Sleep And Retirement

Something to consider, if and when you plan to retire.

When I first retired from work at the age of 60 in 2012, it felt like a holiday. Hard to believe that I never had to show up for a job again, I couldn’t shake the feeling that it was all rather fake. Just like that feeling on a foreign holiday, I was sure I would have to go home eventually. But I couldn’t go home, because I was at home. And I couldn’t go back to work, because I no longer had a job.

So I stayed up late. Very late. I watched films into the early hours. I read books in one long sitting. Then I started blogging in the summer, and sat at the computer until three in the morning most nights, wondering what to post onto my new blog.
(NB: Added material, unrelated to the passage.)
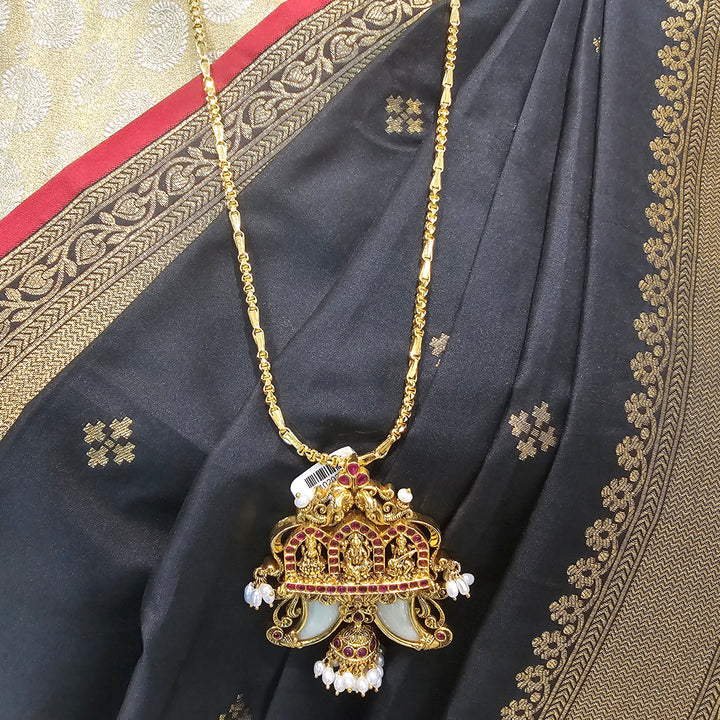 Puligoru Silver Pendants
I hadn’t worked a 12-hour shift, so I wasn’t really that tired.

That was made worse by sleeping-in. Some days I didn’t stir until ten. But we had Ollie by then, so he had to go out. Long walks with him, sometimes very long walks that wore us both out. Four or five hours discovering the area around Beetley on foot.
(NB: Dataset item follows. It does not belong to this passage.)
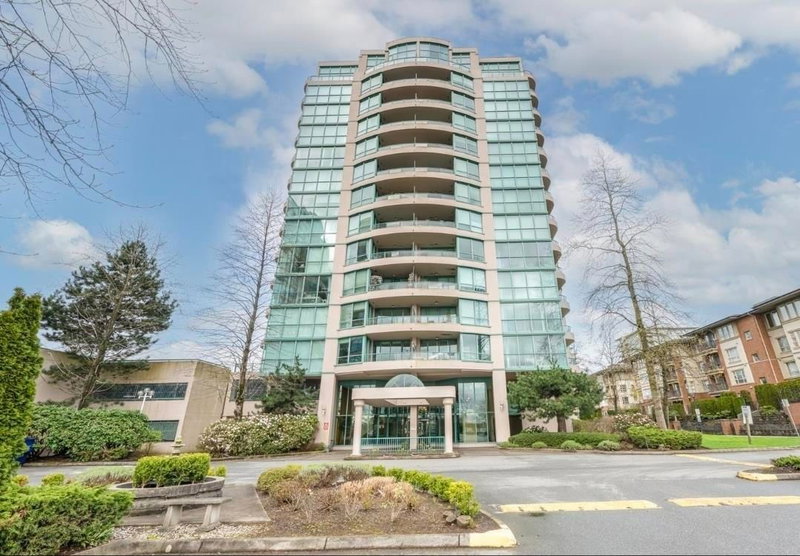8871 Lansdowne Road #703, Richmond, British Columbia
But I still wasn’t that tired at night.

The following year, I started volunteering for the Fire Service. Twenty hours a week Monday to Friday, then rushing back to take Ollie out for yet another long walk. Julie was working full time back then, so I still stayed up much later than her.

It took almost ten years of adjustment, but in 2021 I started to go to bed earlier. I might have tossed and turned a bit, but I eventually went to sleep at least four hours earlier than I had been doing. By 2022, age was beginning to tell when I reached the age of seventy. I cut down my screen time in the evenings, avoiding the computer after dinner as much as possible. And I tried to go to bed at or just after eleven at night.

That started to work. No reading in bed, getting up when I woke up, instead of turning over.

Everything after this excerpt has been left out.